Cairo, Egypt – In a significant policy shift, Egypt has lowered its renewable energy target for 2040 from 58% to 40%, opting instead to concentrate on natural gas to meet rising energy demands. Karim Badawi, the country’s petroleum minister, announced this decision as part of efforts to address an ongoing electricity crisis.

Originally, Egypt aimed for a 42% renewable energy mix by 2035, a goal set before hosting the COP27 climate conference in 2022. However, this target was revised to 58% in June, a figure now deemed unfeasible as the government grapples with economic challenges.

As the world’s 11th-largest natural gas producer, Egypt has emerged as a key supplier of liquefied natural gas (LNG) to Europe, with exports reaching nearly 9 billion cubic meters in 2022, generating $8.4 billion in revenue.

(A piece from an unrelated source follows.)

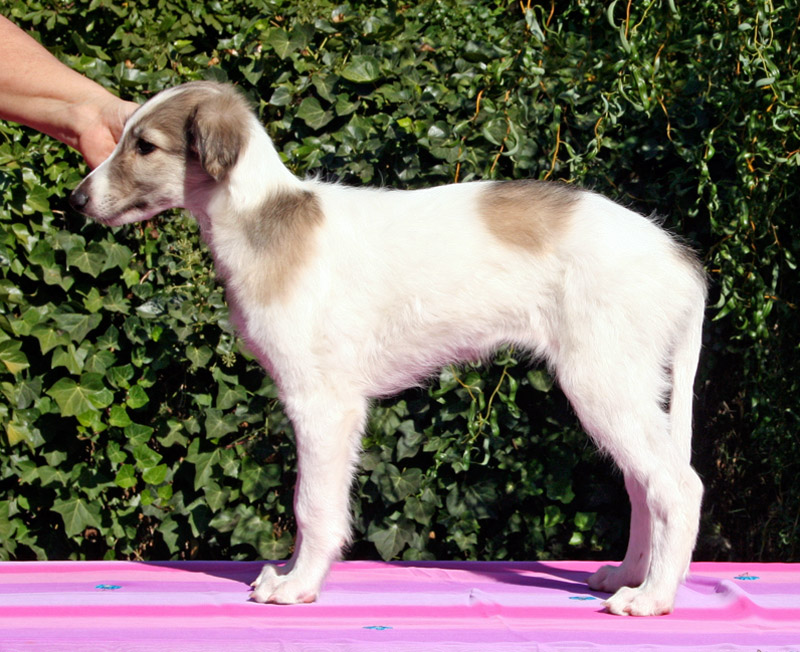 Surf Spots - Girl 2 Left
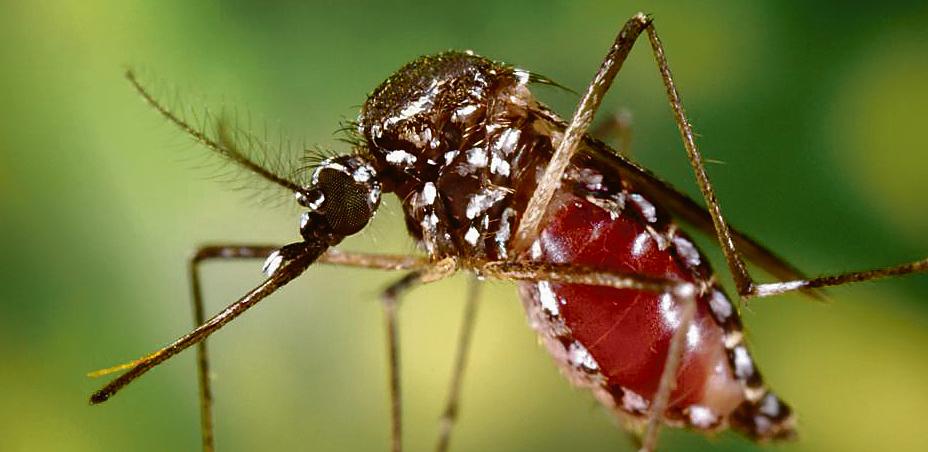  | CDC Organization/James Gathany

Despite these figures, the country faces declining domestic gas output, particularly from the Zohr field, which has seen production drop to less than 20 billion cubic meters—40% below capacity.

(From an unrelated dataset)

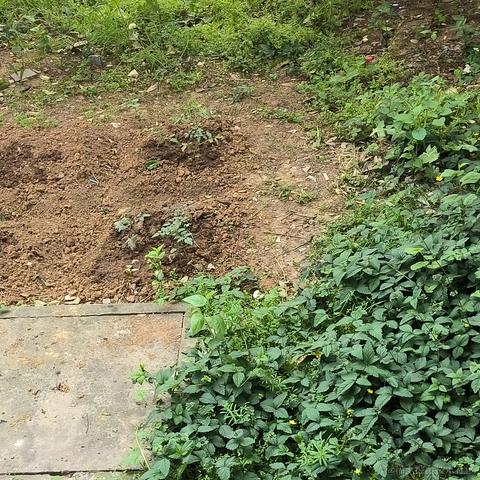 Zaccc于2023-04-18 23:20发布的图片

Egypt’s total gas production decreased from 67 billion cubic meters in 2022 to an estimated 56 billion cubic meters in 2024. To meet demand, the nation has turned to imports, purchasing over 50 LNG cargoes this year and planning to tender for up to 20 more for early 2025.

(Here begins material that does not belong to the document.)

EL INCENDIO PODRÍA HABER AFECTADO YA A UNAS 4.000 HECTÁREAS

Badawi has expressed intentions to restore natural gas production to normal levels by June 2025, with plans to enhance output at Zohr by drilling new wells in the first quarter of 2025. He has also been working to rebuild relationships with foreign oil and gas companies, addressing past arrears that had hindered operations and contributed to gas shortages.

At the recent Mediterranean Energy Conference, Badawi emphasized the need for collaboration to boost discoveries and attract investment in Egypt’s natural gas sector, which holds significant untapped potential.